Gra w grę
Dawno nie wstrząsnął mną żaden
film tak jak „Gra” Rubena Ostlunda z 2011 roku, obejrzany dzięki
Arte. Znany już bardzo dobrze z „Turysty” i „The Square”
Ostlund w filmie tym jest bezkompromisowy i niepoprawny w
nadzwyczajny jak na skandynawskie warunki sposób. Nawiązuje przy
tym do najlepszych i najmroczniejszych filmów Hanekego.
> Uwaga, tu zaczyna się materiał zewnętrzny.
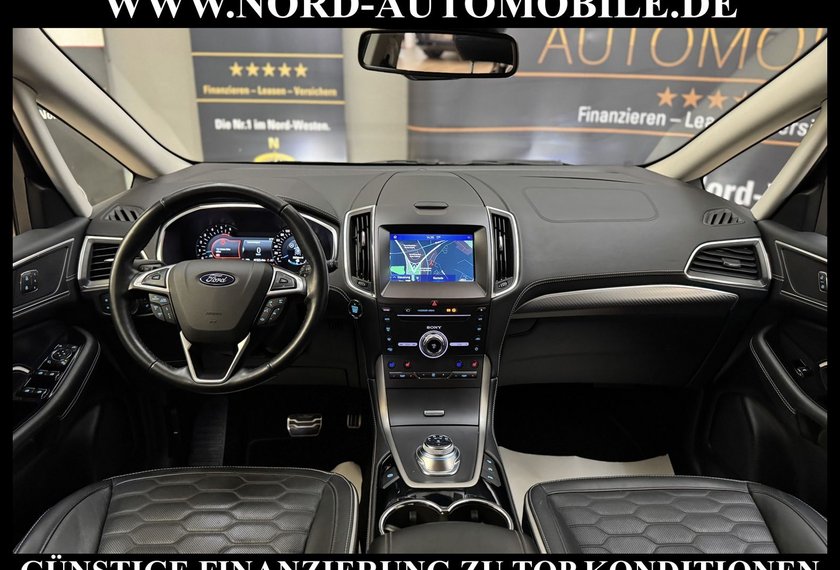 Ford S-Max S-MAX 2.0 EB VIGNALE Bi-Turbo *7-SITZER*AHK*ACC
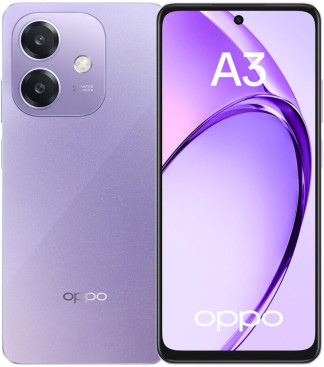 OPPO A3 6/256 ГБ лиловый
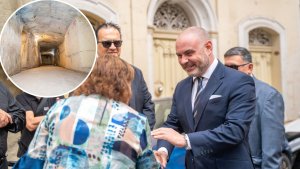 Żurrieq'te tarihi sığınak halkın ziyaretine açıldı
Zaczynamy w galerii handlowej, gdzie
mali chłopcy zostają posądzeni o kradzież telefonu przez
starszych, ciemnoskórych chłopaków, którzy prezentują się jak
młodociany gang emigrantów.Emigranci terroryzują chłopców z
dobrych rodzin. Poddają ich opresji i kolejnym próbom psychicznej
przemocy, unikając konsekwentnie przemocy fizycznej. To właśnie
jest tytułowa „gra”, balansowanie na krawędzi przemocy
psychicznej i fizycznej – chodzi o to, by nie przekroczyć tej
cienkiej granicy i przy tym zadać jak najwięcej bólu i
upokorzenia. Równolegle do podróży chłopców przez Goeteborg,
Ostlund pokazuje absurdalną sytuację z pociągu, gdzie w przejściu
ktoś postawił kołyskę – dramat chłopców i dramat obsługi
pociągu zostają zrównane. System precyzyjnych norm tak samo
traktuje terror jak złamanie dokładnych procedur w pociągu, tylko
że chłopcy są gnębieni przez swoich nieletnich prześladowców, a
obsługa pociągu przez kołyskę, która nikomu nie zagraża. To
zrównanie dwóch bezradności pokazuje absurd systemu. Chłopcy są
dręczeni w biały dzień w miejscach publicznych. Obrona ich przez
pasażerów jest pozorna – nikt nie ma odwagi, by przeciwstawić
się przemocy, także z tego powodu, by nie zostać oskarżonym o
nietolerancję. Widz także jest w
matni, spodziewając się najgorszego – Ostlund umiejętnie
wprowadza nas w klimat horroru, a raczej horrorowej groteski,
dotkliwej tym bardziej, że dotyczy dzieci.
Ostlund
pokazuje w swoim filmie jak bardzo niebezpieczny stał się ten
świat, gdzie precyzyjne normy nie radzą sobie z tym, co przychodzi
doń z zupełnie innej rzeczywistości, ze świata notorycznej walki
o dominację. Nie jest to film łamiący tabu w temacie emigrantów.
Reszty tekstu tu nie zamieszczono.